Data extracts >>
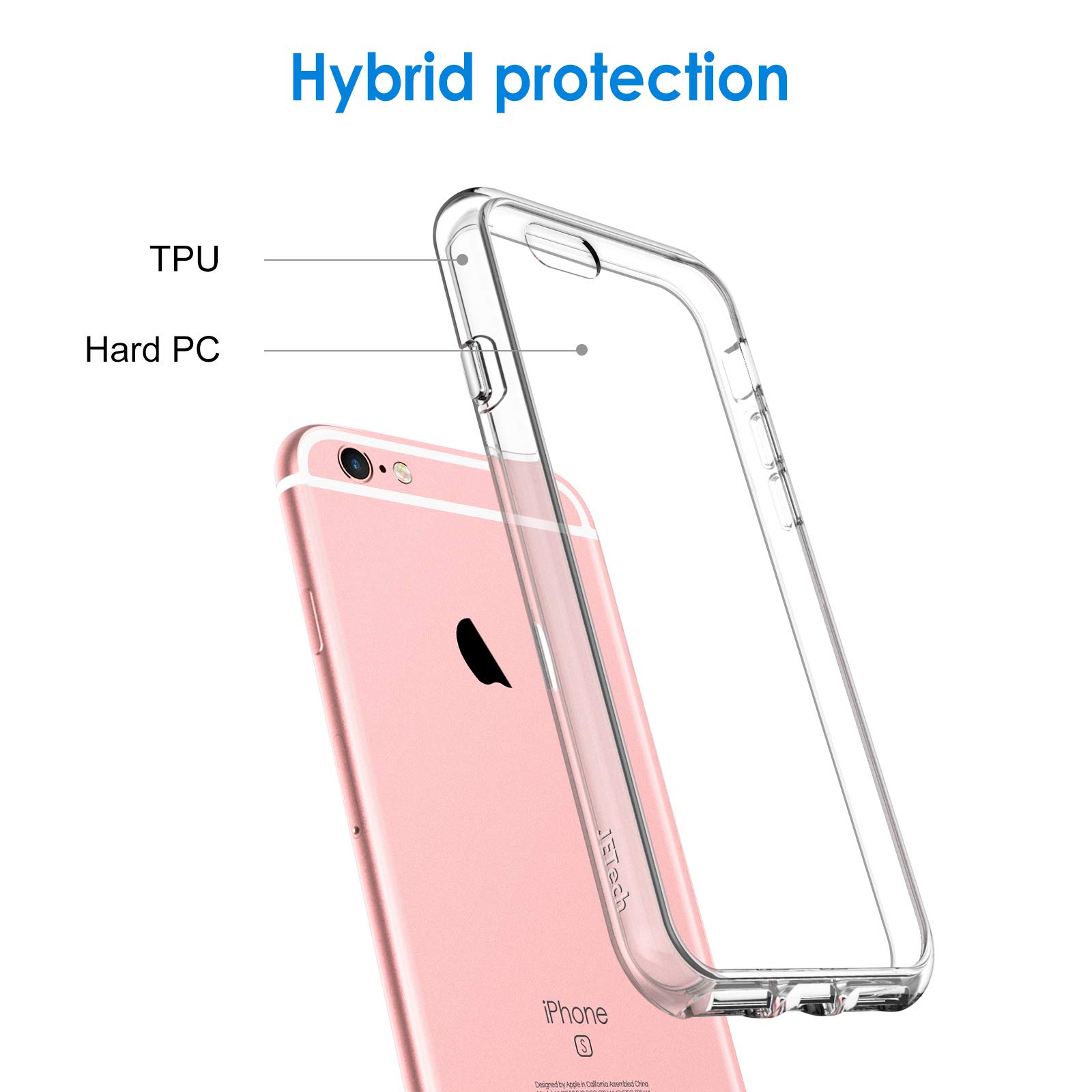JETech Case for iPhone 6 and iPhone 6s, Non-Yellowing Shockproof Phone Bumper Cover, Anti-Scratch Clear Back (Clear)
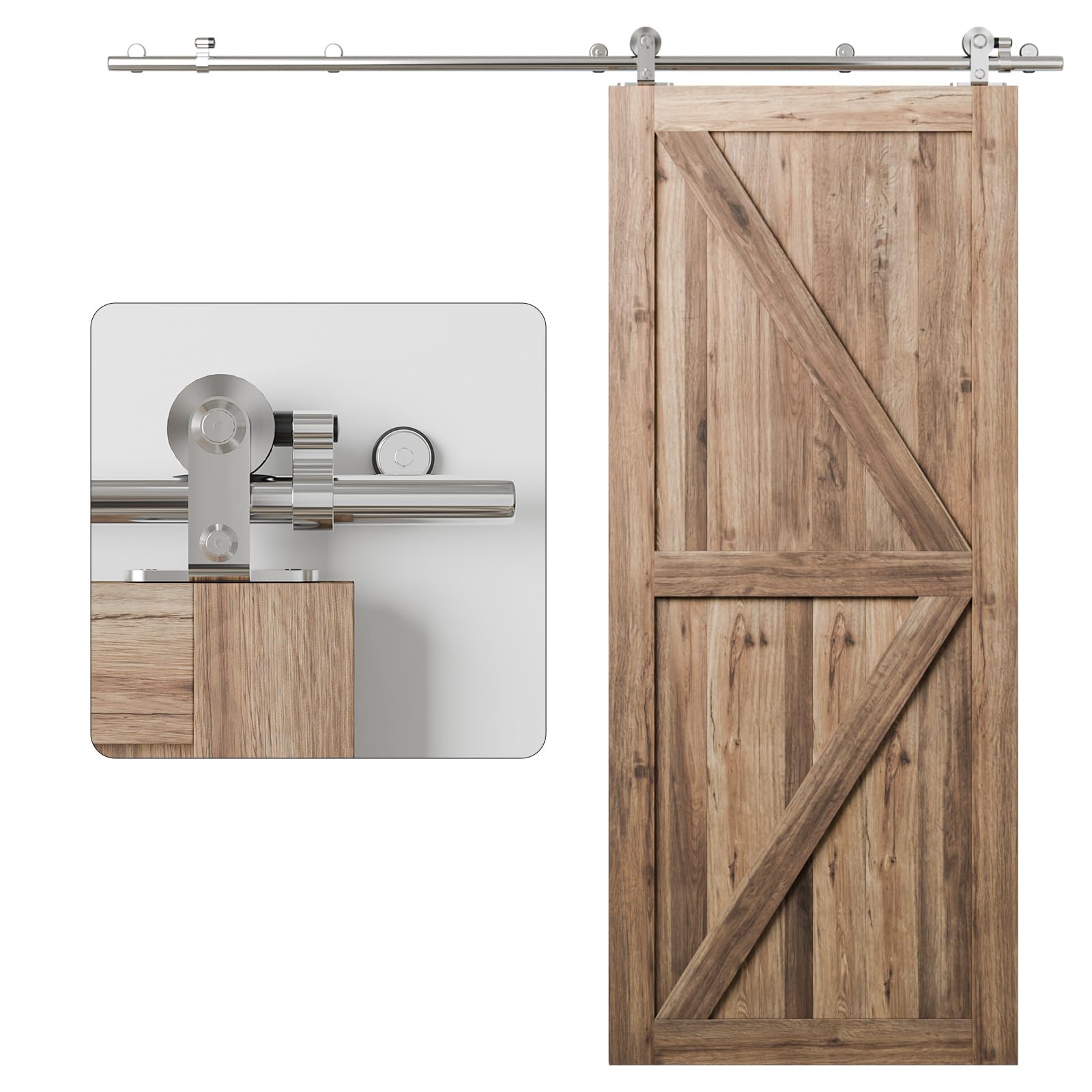 WOLFBIRD 10FT/304CM Binario per Porta Scorrevole Kit Acciaio Inossidabile Porta Scorrevole Set Accessori per Singola Porta Scorrevole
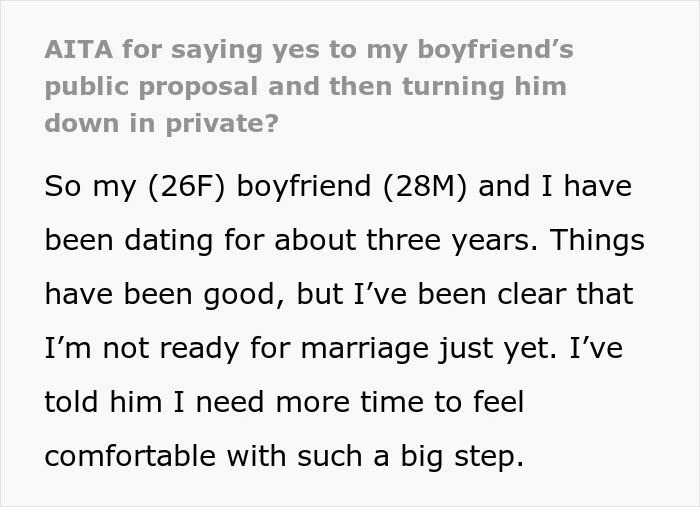 Text discussing a woman's response to a public marriage proposal, expressing hesitation about marriage timing.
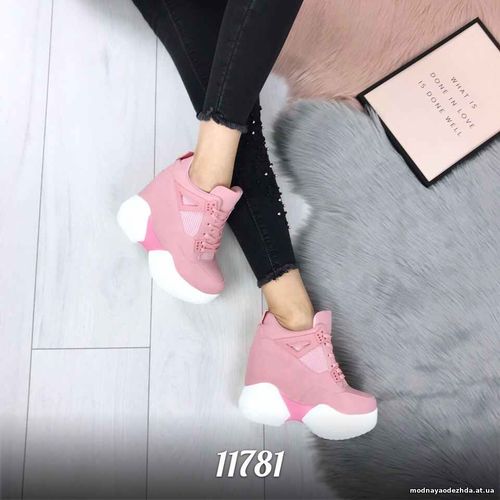 Код 11781  Кроссовки на танкетке = La_r =, цвет: Розовый материал : эк
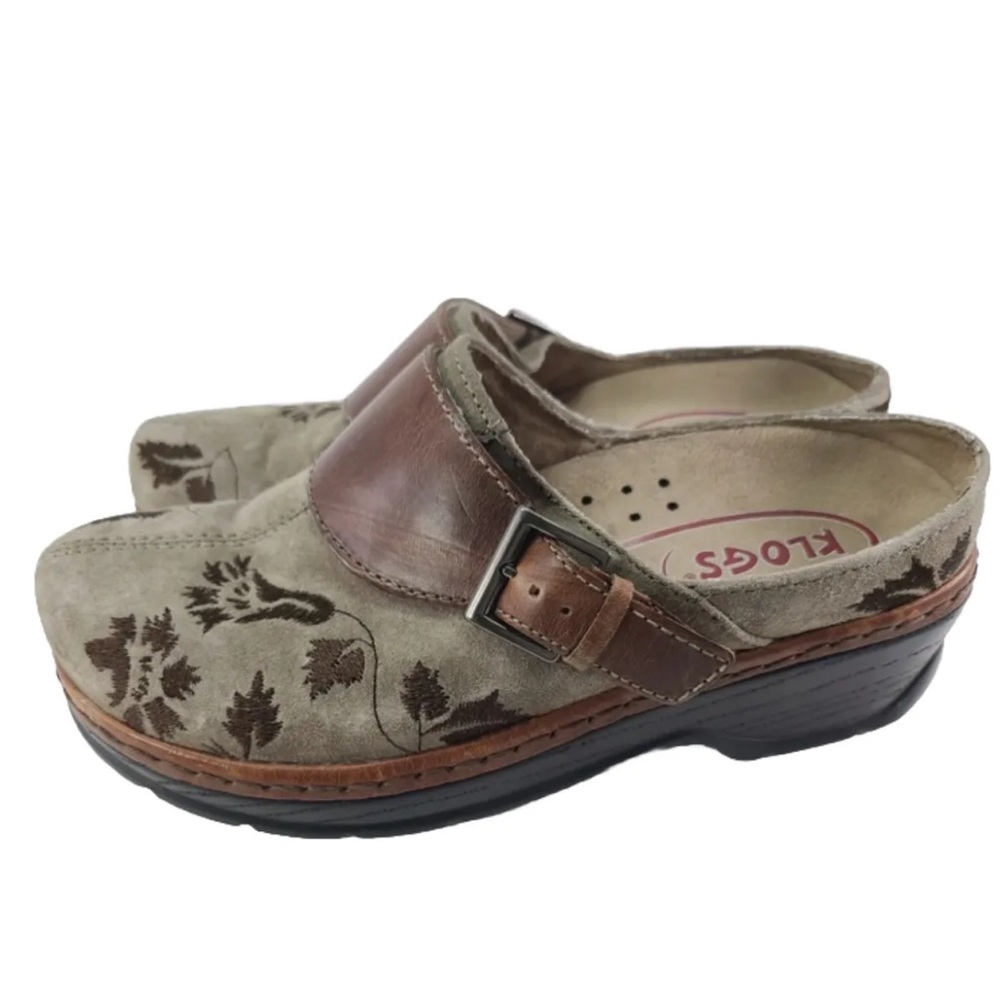 Klogs Austin Taupe Suede Tapestry Leather Clogs Mules SZ 7.5M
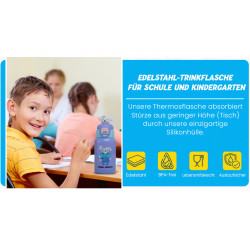 Kinder Thermo Trink Flasche Auslaufsicher 450ml Edelstahl Schule Kindergarten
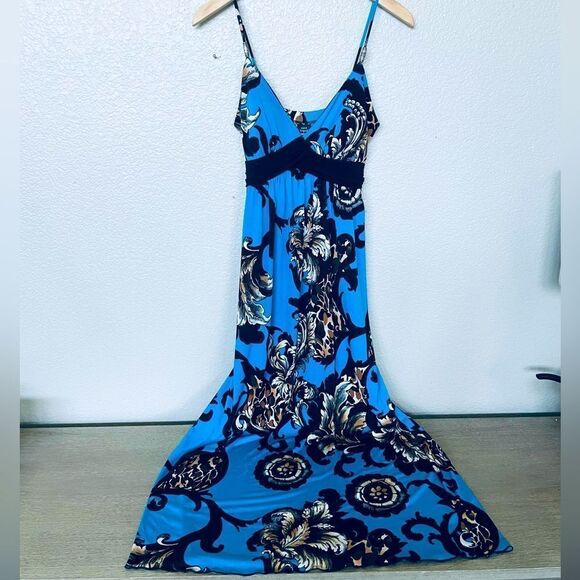 Saint Tropez West Blue Floral Maxi Summer Cocktail Party Dress 10 - Picture 1 of 4
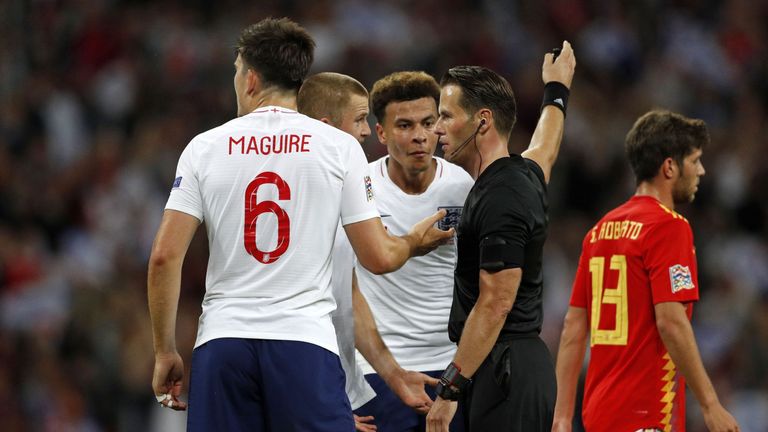 England players complain after Danny Welbeck's goal is ruled out against Spain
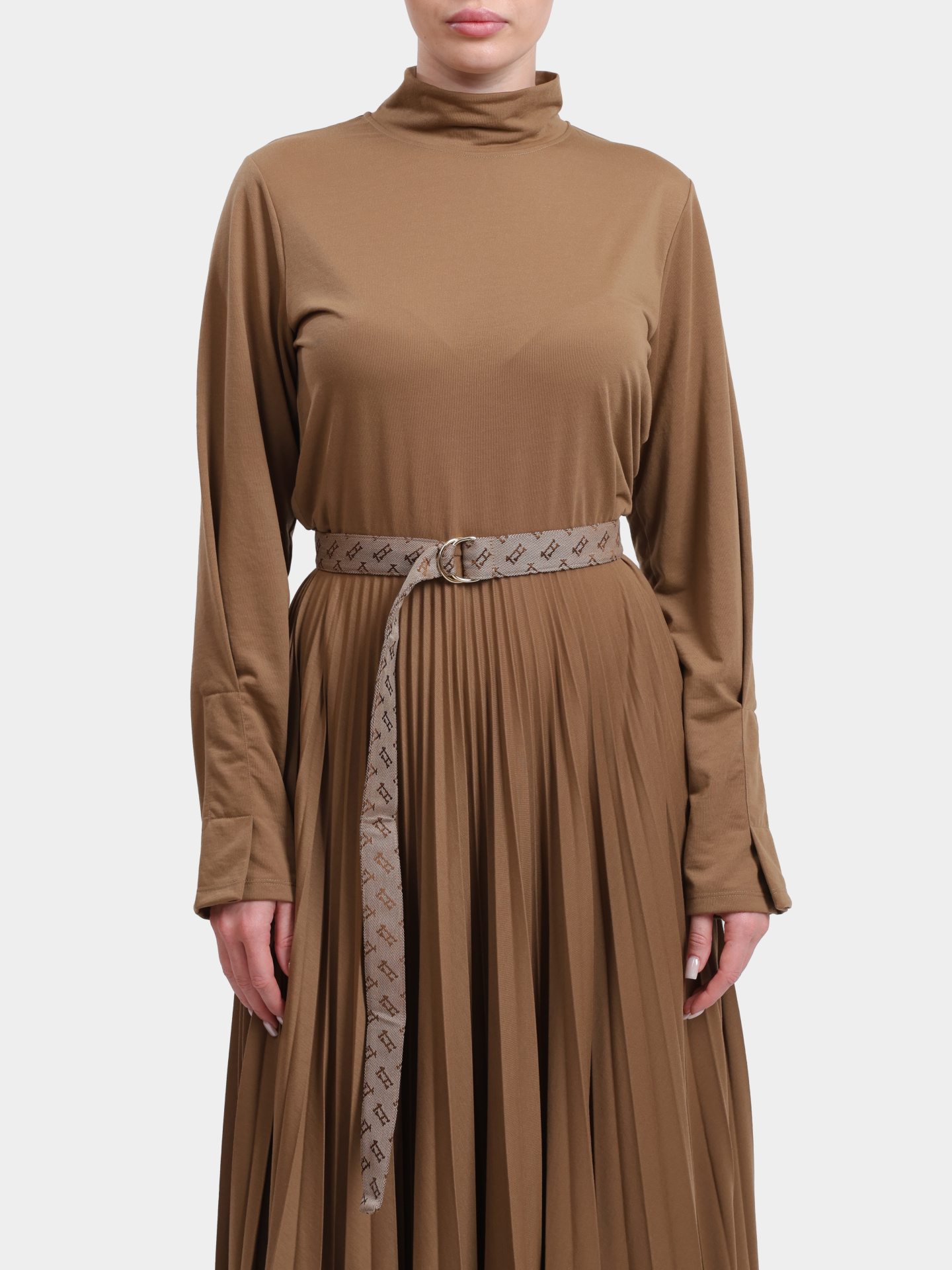 Платье AB00043D 52105 2157 кэмел женское с поясом — купить в интернет-магазине Verdistore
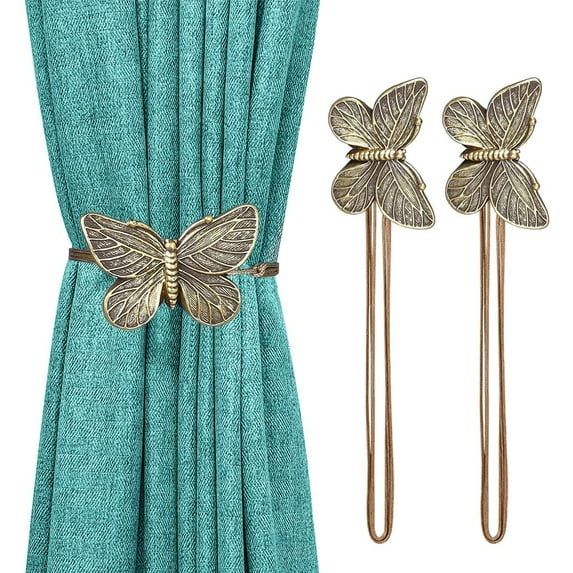 Curtain Tie Magnetic, 1 Pair Vintage Butterfly Resin Flower Curtain Drapery Holdback Retro Window Curtain Decorative Buckle Holder for Home Office Cafe Balcony, Gold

Problem details >> All entries above must be duplicated exactly; please omit any picture they hold.

Solution to this exercise >>
JETech Case for iPhone 6 and iPhone 6s, Non-Yellowing Shockproof Phone Bumper Cover, Anti-Scratch Clear Back (Clear)
 WOLFBIRD 10FT/304CM Binario per Porta Scorrevole Kit Acciaio Inossidabile Porta Scorrevole Set Accessori per Singola Porta Scorrevole
 Text discussing a woman's response to a public marriage proposal, expressing hesitation about marriage timing.
 Код 11781  Кроссовки на танкетке = La_r =, цвет: Розовый материал : эк
 Klogs Austin Taupe Suede Tapestry Leather Clogs Mules SZ 7.5M
 Kinder Thermo Trink Flasche Auslaufsicher 450ml Edelstahl Schule Kindergarten
 Saint Tropez West Blue Floral Maxi Summer Cocktail Party Dress 10 - Picture 1 of 4
 England players complain after Danny Welbeck's goal is ruled out against Spain
 Платье AB00043D 52105 2157 кэмел женское с поясом — купить в интернет-магазине Verdistore
 Curtain Tie Magnetic, 1 Pair Vintage Butterfly Resin Flower Curtain Drapery Holdback Retro Window Curtain Decorative Buckle Holder for Home Office Cafe Balcony, Gold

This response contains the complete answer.